I got a partially finished set of landing gear from Chris Trice (see picture). All the difficult bits which had to be turned on a lathe, or machined, were already done. The rest would be quite straightforward, with the basic tools I have.
Holes were drilled in the corners of the brass plate for the 1/8” tube. I cut some brass box section to keep the H shaped piece the correct distance from the plate, then clamped it in place. The ends of the tubes were crimped and bent to the correct angle, then soldered in place. The H shaped piece was silver soldered together, so I didn’t have to worry about it coming apart when soldering the rest of the gear with ordinary tin lead alloy.
Next I had to cut down the small solid bit of brass that the channel bolts to. This was then soldered in place.
The feet were made from brass plate, strip and channel. The channel is the same as used on my eagle 1, but this time I got a friend of mine to reduce the wall thickness on his milling machine. The feet were clamped and soldered together. I found the best way of cleaning up the solder was with a very sharp wood chisel, and then wet and dry paper.
To connect the feet to the steel legs, I soldered T sections from 3/16” tube. These were attached to the feet with threaded rod and nuts. I rounded the nuts off with a file. The T sections were then glued into the steel legs with epoxy, and the rest of the landing gear bolted together.
The footpads were made from 6mm acrylic. I found the best way of working with this was to first rub the surface down with fine wet and dry, so that it was easier to see any marking out.
I cut the basic shape using a carpenters tenon saw. The four corner pieces were cut out with a hacksaw. To make the 45-degree angles, I used a grinding bit in my drill. This removed most of the material, I then finished off all the edges with various files.
The footpads on the original eagle 1 were ¼” thick and then replaced with 5/16” pads for season 2. I decided to make mine ¼”. In the picture opposite you can see that the pads on my first eagle are too thin, even for season 1, they are in fact only 3/16” thick.
The “toes” on the original models were vinyl stickers from a Sasco Year Planner. I made mine from thin styrene sheet, superglued in place.

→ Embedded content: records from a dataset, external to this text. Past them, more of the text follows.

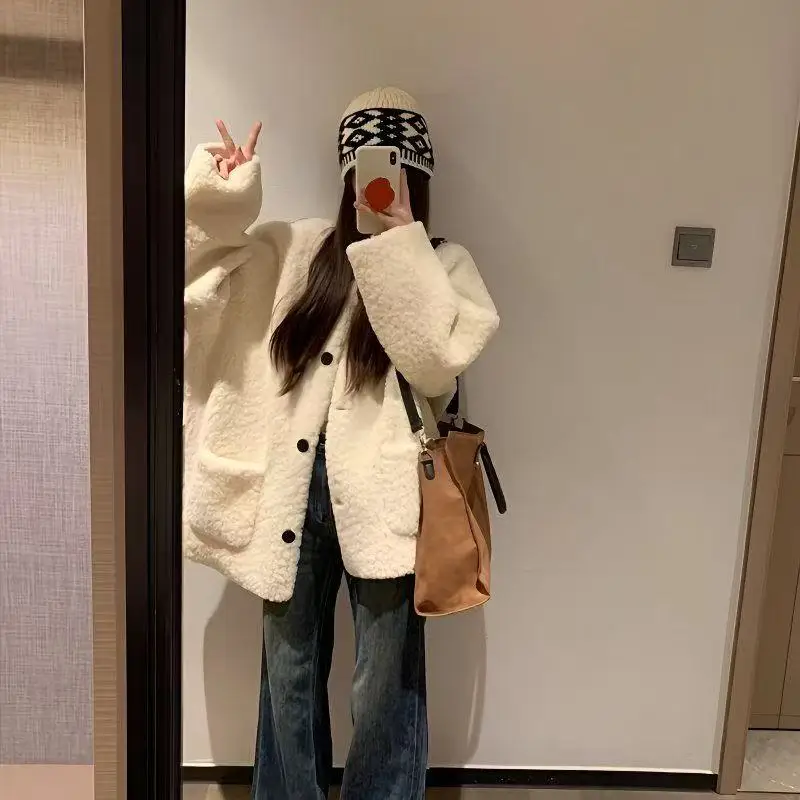 Женская осенне-зимняя куртка из овечьей шерсти с интегрированной кожаной и меховой отделкой, повседневная, свободного кроя, в корейском стиле, с эффектом омоложения
Женская осенне-зимняя куртка из овечьей шерсти с интегрированной кожаной и меховой отделкой, повседневная, свободного кроя, в корейском стиле, с эффектом омоложения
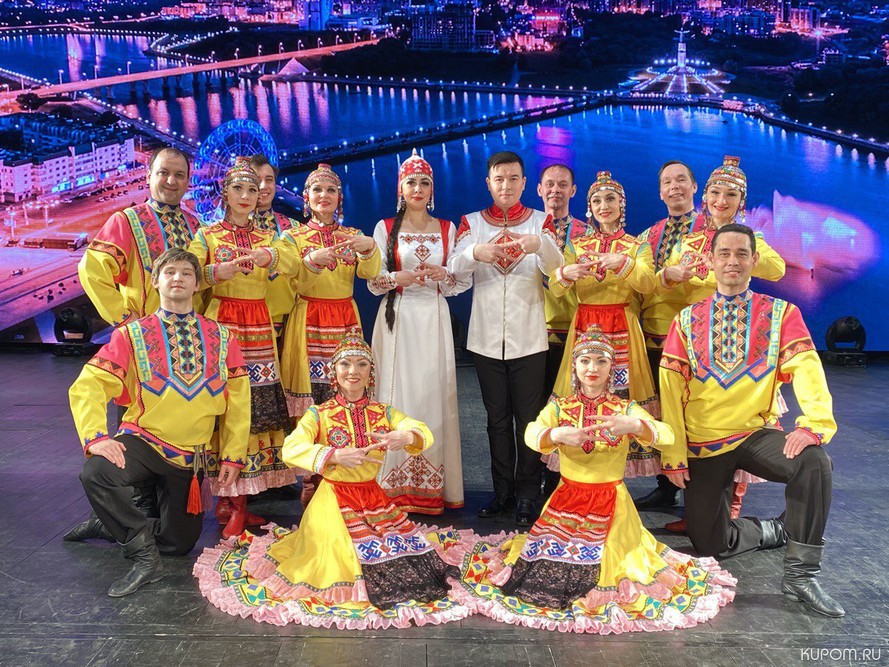 Чувашский госансамбль песни и танца поддержал российскую армию танцевальным флешмобом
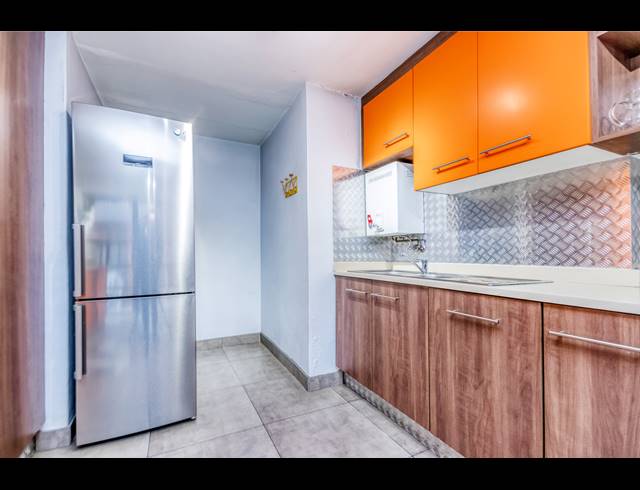 625M² OFFICE FOR SALE IN PARKTOWN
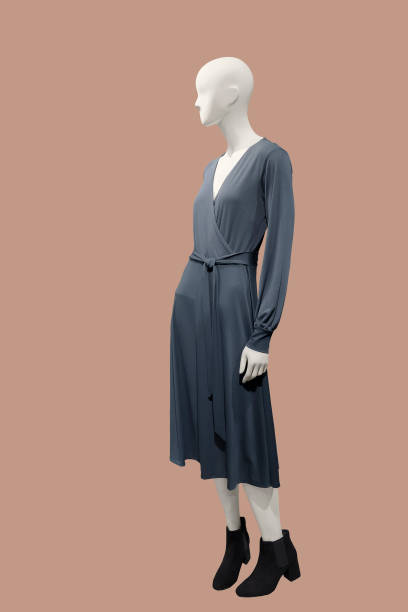 istock Full-length female mannequin. 1185914897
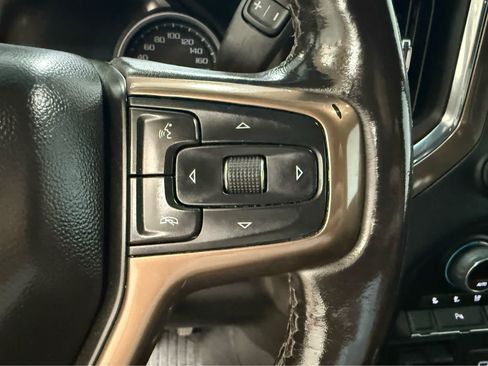 Used 2022 Chevrolet Silverado 1500 High Country w/ Z71 Off-Road Package AWD/4WD image 19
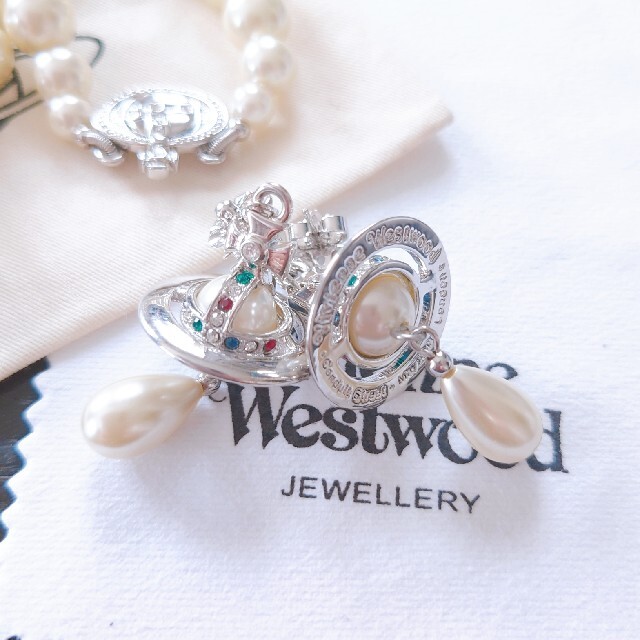 Vivienne Westwood(ヴィヴィアンウエストウッド)のViviennewestwood ドロップパール3点Set レディースのアクセサリー(ピアス)の商品写真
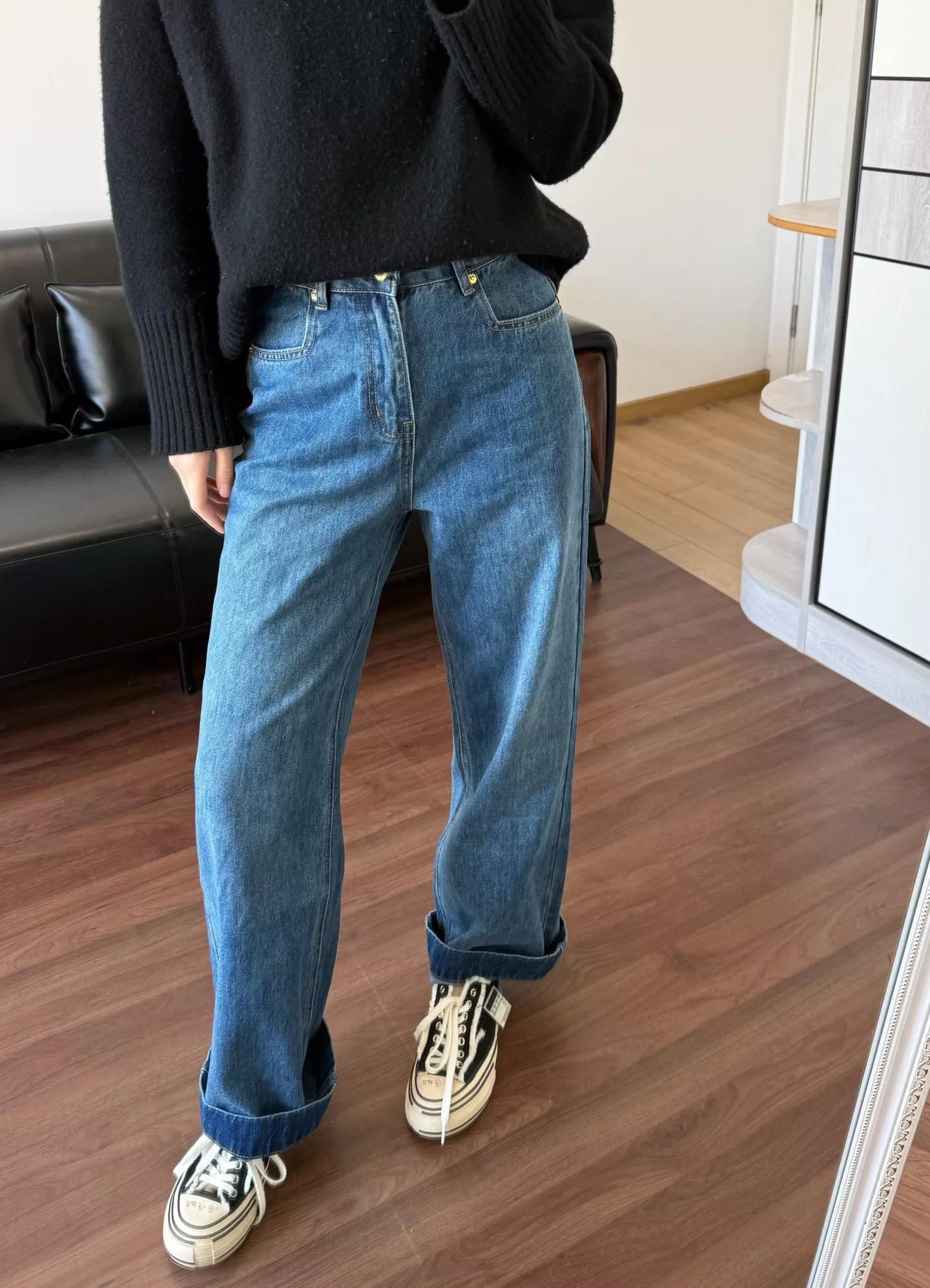 루이비통 모노그램 자수 스트레이트 데님 팬츠 상세 이미지 34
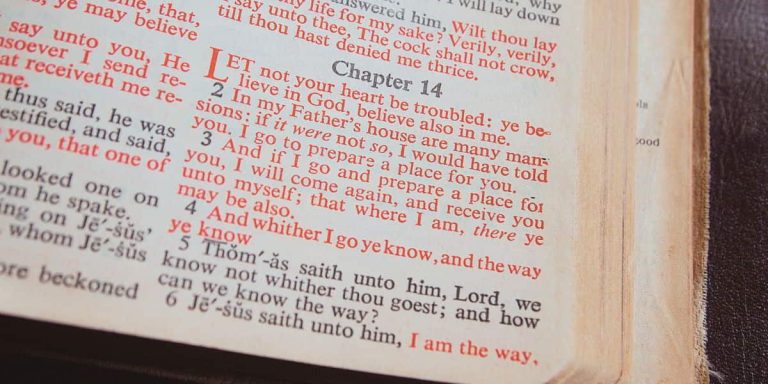 7 Bible study methods for beginners with free PDF templates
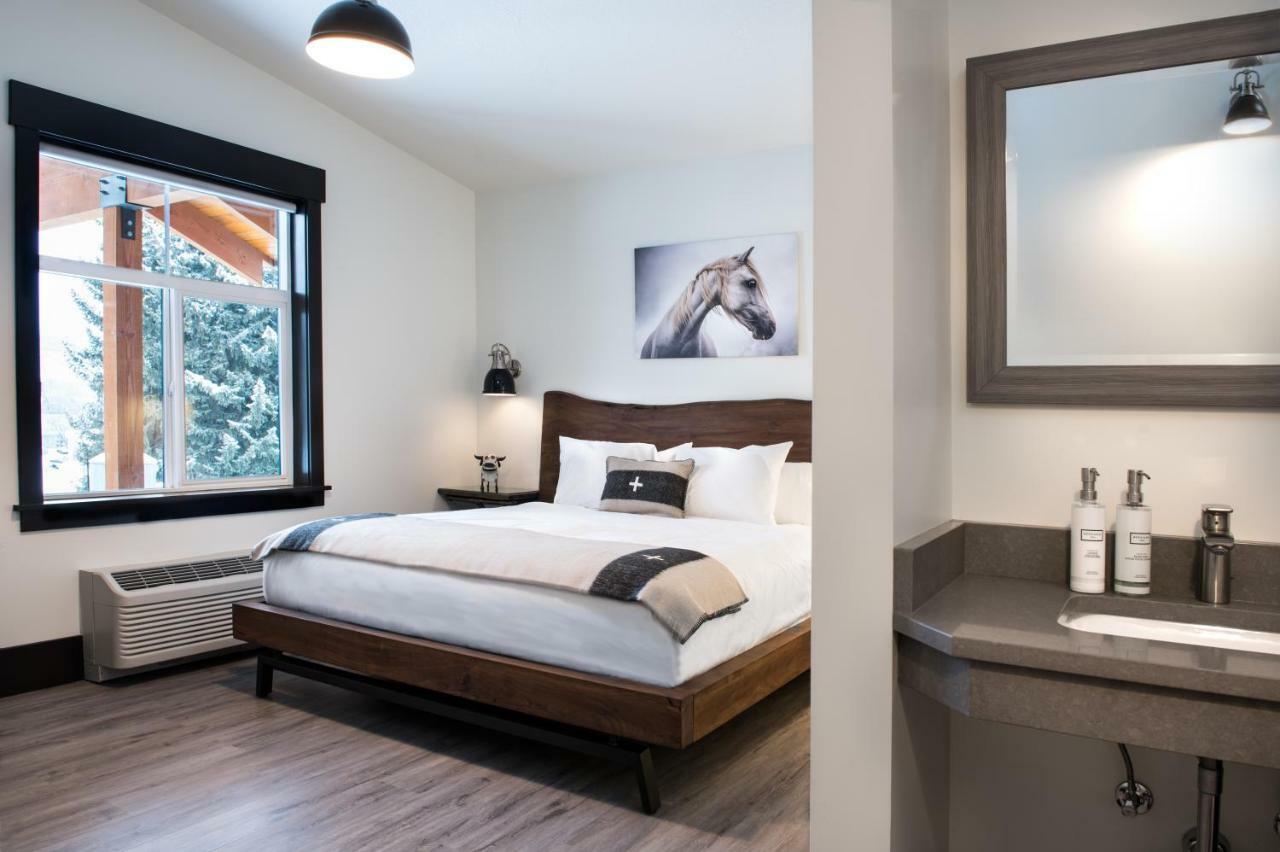 Compass Rose Lodge Huntsville エクステリア 写真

The number of toes changed after season 1, as well as the thickness of the footpads. The pictures opposite show what the original feet of eagle 1 should look like and feet of eagle 2. I made mine in the style of eagle 2, not only the number of toes, but also the angle and length of the brass strips.
For the attitude thrusters, I stuck together two 10mm acrylic cubes. These were covered with various thickness styrene sheet to get the correct size. Holes were then drilled to accept the aluminium nozzles.
The original idea was to use resin side pods, which I got from Jim Small. As you can see from the pictures, they are very well cast and have all the eagle 1 detail.
This time I wanted to make eagle 2. So rather than take all the detail off the resin pods, I decided to go with machined chemiwood ones from Paul Gray
. My thanks to Paul for getting these and other 44” eagle bits made.
I got two sets of pods from Paul. One set had a hole and recess at the bottom to accept landing gear Paul is having made. The other set had plane bottoms with no holes.
I already had hardwood prongs for connecting the side pods to the frame. These were not exactly the same size as the Trice/Prud’homme drawings, which is what the chemiwood pods were made from. Plastic card was superglued to the prongs to make them a tight fit, and then they were glued into the recesses. Car body filler was used to fill in the remaining gap.
Using a pillar drill I made an 11mm hole to accept the landing gear. The gear went in, but it was a very tight fit. I thought I might have a problem getting it out if it got stuck. Therefore, I increased the hole to 11.5mm and wrapped masking tape around the gear until it was a tight push fit.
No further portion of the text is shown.